(EXERCISE MATERIALS Opens)
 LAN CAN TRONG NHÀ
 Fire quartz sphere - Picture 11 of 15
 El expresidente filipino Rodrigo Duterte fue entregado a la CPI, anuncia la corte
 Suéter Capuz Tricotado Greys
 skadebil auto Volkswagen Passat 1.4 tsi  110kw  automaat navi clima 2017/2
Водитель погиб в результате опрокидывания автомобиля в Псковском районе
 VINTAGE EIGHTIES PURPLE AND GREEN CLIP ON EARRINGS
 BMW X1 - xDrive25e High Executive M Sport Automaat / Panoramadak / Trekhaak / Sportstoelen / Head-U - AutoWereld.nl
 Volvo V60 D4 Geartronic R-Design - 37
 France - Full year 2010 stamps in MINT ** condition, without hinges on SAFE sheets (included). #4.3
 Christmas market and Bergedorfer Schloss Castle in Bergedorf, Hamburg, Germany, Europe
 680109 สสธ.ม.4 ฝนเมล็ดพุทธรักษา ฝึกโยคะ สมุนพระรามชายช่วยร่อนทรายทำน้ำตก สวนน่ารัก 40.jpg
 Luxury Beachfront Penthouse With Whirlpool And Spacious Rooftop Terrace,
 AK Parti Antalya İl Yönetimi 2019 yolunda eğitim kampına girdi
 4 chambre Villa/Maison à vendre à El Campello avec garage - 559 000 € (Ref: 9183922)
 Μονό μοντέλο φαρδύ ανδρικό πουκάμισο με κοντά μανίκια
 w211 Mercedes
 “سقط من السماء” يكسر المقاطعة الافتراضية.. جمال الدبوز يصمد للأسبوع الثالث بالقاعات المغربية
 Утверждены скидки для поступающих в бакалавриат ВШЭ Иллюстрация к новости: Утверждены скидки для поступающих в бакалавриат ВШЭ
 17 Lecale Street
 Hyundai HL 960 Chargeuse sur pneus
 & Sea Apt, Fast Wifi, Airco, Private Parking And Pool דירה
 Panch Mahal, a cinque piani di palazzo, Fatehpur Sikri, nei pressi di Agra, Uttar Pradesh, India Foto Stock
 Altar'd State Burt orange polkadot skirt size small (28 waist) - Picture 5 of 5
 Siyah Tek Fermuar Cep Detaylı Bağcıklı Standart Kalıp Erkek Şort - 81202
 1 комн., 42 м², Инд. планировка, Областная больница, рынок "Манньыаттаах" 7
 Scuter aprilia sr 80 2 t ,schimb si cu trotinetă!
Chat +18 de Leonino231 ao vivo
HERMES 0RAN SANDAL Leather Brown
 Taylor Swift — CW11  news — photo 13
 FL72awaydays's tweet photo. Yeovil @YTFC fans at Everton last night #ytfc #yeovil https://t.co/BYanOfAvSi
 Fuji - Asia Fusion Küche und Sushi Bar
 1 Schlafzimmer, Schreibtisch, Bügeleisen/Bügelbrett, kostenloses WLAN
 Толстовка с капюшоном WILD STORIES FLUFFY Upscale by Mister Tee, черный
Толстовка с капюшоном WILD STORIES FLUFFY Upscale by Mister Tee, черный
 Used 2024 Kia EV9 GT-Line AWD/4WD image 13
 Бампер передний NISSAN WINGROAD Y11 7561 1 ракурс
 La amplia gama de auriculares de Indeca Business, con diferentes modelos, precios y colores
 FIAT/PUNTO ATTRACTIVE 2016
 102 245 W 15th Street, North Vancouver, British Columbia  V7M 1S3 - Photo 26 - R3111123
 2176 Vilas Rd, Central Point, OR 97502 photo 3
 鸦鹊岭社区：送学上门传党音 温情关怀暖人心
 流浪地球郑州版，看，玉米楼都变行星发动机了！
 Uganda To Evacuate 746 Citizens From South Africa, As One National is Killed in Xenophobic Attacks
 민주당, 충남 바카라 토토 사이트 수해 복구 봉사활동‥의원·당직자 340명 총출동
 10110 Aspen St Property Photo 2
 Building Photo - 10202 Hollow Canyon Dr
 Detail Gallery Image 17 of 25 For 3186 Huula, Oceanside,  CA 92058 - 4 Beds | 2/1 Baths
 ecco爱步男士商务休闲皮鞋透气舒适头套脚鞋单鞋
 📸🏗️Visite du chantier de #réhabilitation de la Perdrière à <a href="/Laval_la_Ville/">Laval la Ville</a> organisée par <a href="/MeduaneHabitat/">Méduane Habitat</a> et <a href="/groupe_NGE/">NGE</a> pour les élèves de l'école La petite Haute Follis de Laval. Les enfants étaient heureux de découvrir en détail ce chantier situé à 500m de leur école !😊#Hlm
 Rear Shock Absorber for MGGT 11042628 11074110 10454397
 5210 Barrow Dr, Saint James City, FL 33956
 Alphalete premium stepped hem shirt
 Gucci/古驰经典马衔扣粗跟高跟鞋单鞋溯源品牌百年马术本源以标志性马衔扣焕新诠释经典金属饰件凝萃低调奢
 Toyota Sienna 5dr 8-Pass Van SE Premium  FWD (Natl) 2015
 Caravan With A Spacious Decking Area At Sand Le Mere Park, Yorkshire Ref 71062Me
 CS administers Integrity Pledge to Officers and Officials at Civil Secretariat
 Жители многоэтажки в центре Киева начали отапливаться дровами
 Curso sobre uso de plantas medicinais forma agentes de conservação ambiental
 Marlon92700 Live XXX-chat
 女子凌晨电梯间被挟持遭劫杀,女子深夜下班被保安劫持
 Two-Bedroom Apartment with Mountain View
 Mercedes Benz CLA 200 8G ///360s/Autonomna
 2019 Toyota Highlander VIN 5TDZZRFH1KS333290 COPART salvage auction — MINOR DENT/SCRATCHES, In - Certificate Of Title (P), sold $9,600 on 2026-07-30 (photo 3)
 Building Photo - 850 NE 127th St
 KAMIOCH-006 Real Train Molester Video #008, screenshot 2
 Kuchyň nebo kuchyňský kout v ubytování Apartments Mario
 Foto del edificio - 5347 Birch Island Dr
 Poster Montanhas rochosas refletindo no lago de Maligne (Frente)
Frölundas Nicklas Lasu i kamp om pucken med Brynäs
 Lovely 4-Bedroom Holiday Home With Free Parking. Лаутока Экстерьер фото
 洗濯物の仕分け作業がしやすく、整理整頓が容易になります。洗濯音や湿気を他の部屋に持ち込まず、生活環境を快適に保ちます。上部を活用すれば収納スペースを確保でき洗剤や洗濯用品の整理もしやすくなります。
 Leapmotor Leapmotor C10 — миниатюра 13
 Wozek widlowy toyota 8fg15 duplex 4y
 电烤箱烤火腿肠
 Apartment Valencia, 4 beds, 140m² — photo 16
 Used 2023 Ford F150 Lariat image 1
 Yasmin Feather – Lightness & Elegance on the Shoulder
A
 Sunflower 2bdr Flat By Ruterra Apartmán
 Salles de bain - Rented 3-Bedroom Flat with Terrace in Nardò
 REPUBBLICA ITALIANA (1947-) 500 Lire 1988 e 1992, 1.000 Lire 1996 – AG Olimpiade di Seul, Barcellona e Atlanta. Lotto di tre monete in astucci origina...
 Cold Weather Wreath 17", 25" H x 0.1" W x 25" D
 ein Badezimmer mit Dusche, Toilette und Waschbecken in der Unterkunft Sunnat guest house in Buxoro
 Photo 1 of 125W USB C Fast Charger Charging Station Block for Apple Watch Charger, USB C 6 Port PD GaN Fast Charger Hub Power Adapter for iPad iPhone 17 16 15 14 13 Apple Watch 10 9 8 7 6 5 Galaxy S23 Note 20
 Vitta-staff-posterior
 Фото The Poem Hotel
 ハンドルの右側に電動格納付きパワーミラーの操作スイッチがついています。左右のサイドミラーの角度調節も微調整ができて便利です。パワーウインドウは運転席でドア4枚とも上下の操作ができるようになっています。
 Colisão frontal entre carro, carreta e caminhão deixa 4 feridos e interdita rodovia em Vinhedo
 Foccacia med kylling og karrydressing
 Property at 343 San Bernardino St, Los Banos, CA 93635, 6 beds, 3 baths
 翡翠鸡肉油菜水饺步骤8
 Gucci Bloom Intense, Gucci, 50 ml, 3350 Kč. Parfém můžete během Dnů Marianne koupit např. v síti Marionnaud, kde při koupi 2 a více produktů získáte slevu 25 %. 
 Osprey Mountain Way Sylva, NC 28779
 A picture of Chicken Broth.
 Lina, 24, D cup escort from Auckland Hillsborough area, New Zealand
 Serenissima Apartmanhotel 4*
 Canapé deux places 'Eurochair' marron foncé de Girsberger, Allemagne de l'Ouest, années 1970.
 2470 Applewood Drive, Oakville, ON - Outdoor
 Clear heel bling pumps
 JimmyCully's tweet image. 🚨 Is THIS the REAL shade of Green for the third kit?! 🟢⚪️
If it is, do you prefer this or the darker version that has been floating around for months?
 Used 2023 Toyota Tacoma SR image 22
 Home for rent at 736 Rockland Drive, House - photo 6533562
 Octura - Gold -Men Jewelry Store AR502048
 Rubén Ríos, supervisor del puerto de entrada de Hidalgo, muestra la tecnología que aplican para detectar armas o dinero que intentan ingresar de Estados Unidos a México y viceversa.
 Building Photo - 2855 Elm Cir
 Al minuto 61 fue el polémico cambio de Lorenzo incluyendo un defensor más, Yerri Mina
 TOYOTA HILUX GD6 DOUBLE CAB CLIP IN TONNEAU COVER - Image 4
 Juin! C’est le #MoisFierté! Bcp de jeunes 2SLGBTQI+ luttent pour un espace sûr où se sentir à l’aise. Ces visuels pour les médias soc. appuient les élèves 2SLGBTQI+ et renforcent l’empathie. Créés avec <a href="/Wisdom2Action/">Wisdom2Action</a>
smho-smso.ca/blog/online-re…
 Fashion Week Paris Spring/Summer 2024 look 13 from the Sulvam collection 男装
(EXERCISE MATERIALS Closes)
Set down exactly the lines from the one that contains "Rubén Ríos, supervisor" to the final line above, both included, and nothing more.

 Rubén Ríos, supervisor del puerto de entrada de Hidalgo, muestra la tecnología que aplican para detectar armas o dinero que intentan ingresar de Estados Unidos a México y viceversa.
 Building Photo - 2855 Elm Cir
 Al minuto 61 fue el polémico cambio de Lorenzo incluyendo un defensor más, Yerri Mina
 TOYOTA HILUX GD6 DOUBLE CAB CLIP IN TONNEAU COVER - Image 4
 Juin! C’est le #MoisFierté! Bcp de jeunes 2SLGBTQI+ luttent pour un espace sûr où se sentir à l’aise. Ces visuels pour les médias soc. appuient les élèves 2SLGBTQI+ et renforcent l’empathie. Créés avec <a href="/Wisdom2Action/">Wisdom2Action</a>
smho-smso.ca/blog/online-re…
 Fashion Week Paris Spring/Summer 2024 look 13 from the Sulvam collection 男装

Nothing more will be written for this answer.